Fungal infections, also known as mycoses, occur when fungi invade and colonize tissues in the body. These infections can range from superficial skin conditions to severe, life-threatening systemic diseases. Unlike bacterial or viral illnesses, fungal infections present unique challenges for effective medical intervention, affecting millions of individuals globally each year.
Fungal Biology and Shared Characteristics
The fundamental reason fungal infections are difficult to treat lies in their cellular biology. Human cells and fungal cells both belong to the domain Eukarya, meaning they share complex internal structures like a nucleus and membrane-bound organelles. This close evolutionary relationship makes it challenging to develop medications that selectively target fungal cells without harming human cells. Many common antibiotics work by targeting features unique to bacteria, which are prokaryotes and structurally simpler. Drugs designed to disrupt fungal processes might inadvertently affect similar processes in human cells, leading to undesirable side effects. Therapies must walk a fine line, aiming to eradicate the fungal pathogen while preserving the host’s health.
Unique Fungal Defenses
Fungi possess several structural and physiological characteristics that enhance their resilience against both host defenses and antifungal treatments. A key defense is their rigid cell wall, a complex, multi-layered structure primarily composed of chitin and glucans, particularly β-(1,3) glucan, which provides mechanical strength and protection but can also hinder the penetration of antifungal drugs.
Many pathogenic fungi can also form biofilms, which are communities of cells encased in a protective extracellular matrix. Biofilms make fungi significantly more resistant to drugs and shield them from immune responses. Additionally, some fungi employ efflux pumps, which are specialized proteins that actively pump antifungal drugs out of the cell, further reducing the drug’s effectiveness.
Immune Evasion and Persistence
Fungi have evolved various strategies to interact with and evade the host’s immune system, contributing to their persistence within the body. Some fungi can alter their cell surface components, such as mannans, to shield highly immunogenic structures like β-1,3-glucan from immune recognition. This “masking” can prevent the immune system from mounting an effective response.

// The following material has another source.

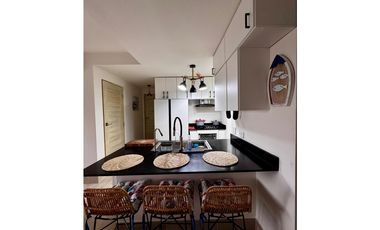 PLAYA CARACOL | VENTANAS 4 | SE VENDE | AMOBLADO | 2 REC | 2 BAÑOS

Certain fungal pathogens can survive and even replicate inside host immune cells, such as phagocytes, allowing them to remain hidden from other immune components. Fungi may also enter a dormant or metabolically inactive state, particularly in the form of spores. In this dormant state, their reduced metabolic activity makes them less susceptible to both immune clearance and antifungal agents, which often target active cellular processes.
Limited Treatment Options and Drug Resistance
The practical challenges in treating fungal infections include a limited arsenal of available medications. There are significantly fewer classes of antifungal drugs compared to antibiotics for bacterial infections. The main classes of antifungals include polyenes, azoles, and echinocandins.

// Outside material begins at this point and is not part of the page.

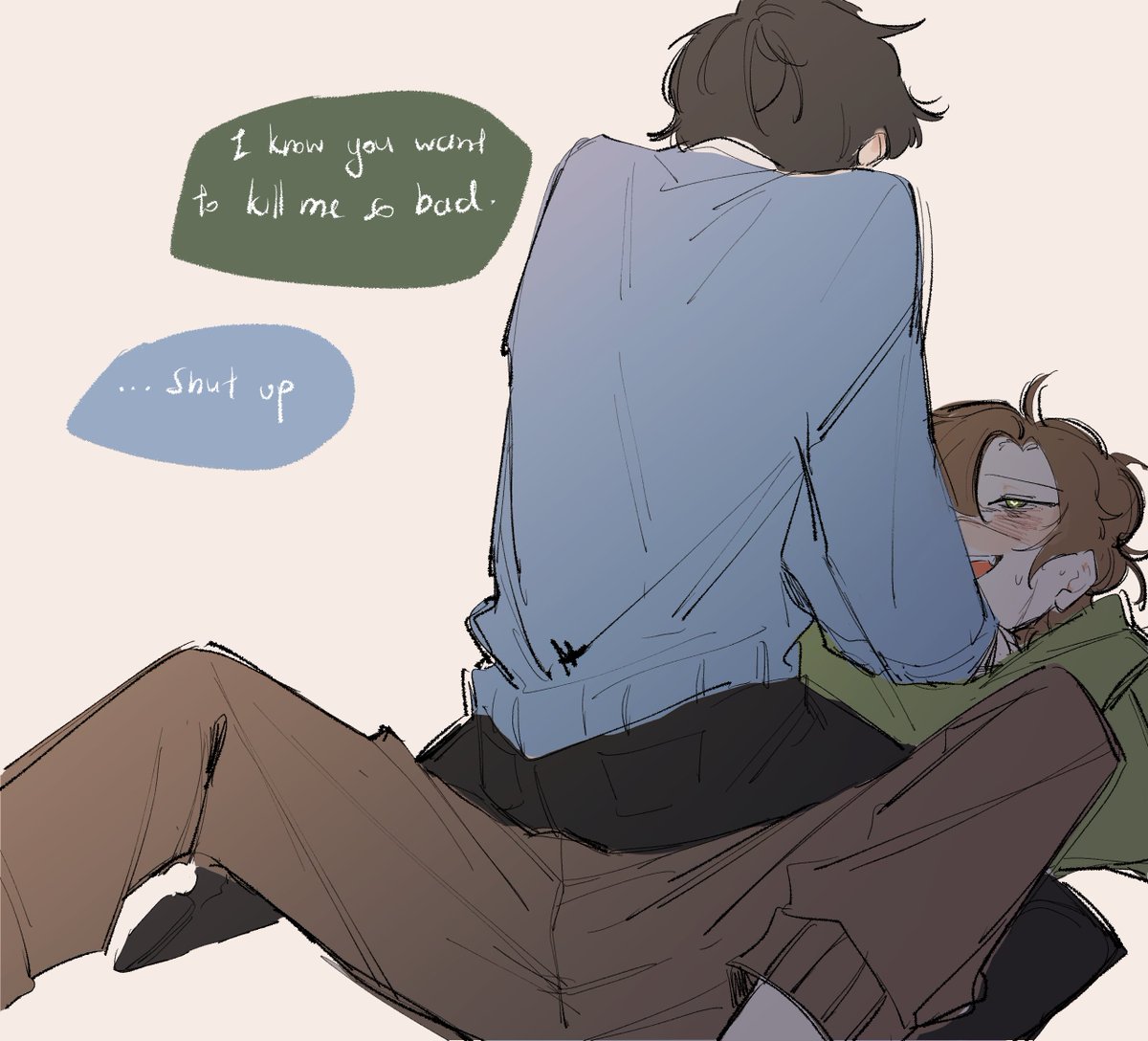 #dreamnotfoundfanart #dnffanart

These drugs often come with concerns regarding toxicity and side effects, which can necessitate careful monitoring and limit the dosage or duration of treatment. For example, amphotericin B, a polyene, is effective but known for potential kidney toxicity. A growing problem is antifungal drug resistance, where fungi develop mechanisms to withstand existing medications. Mechanisms of resistance include alterations in drug targets, overexpression of efflux pumps, and changes in sterol biosynthesis.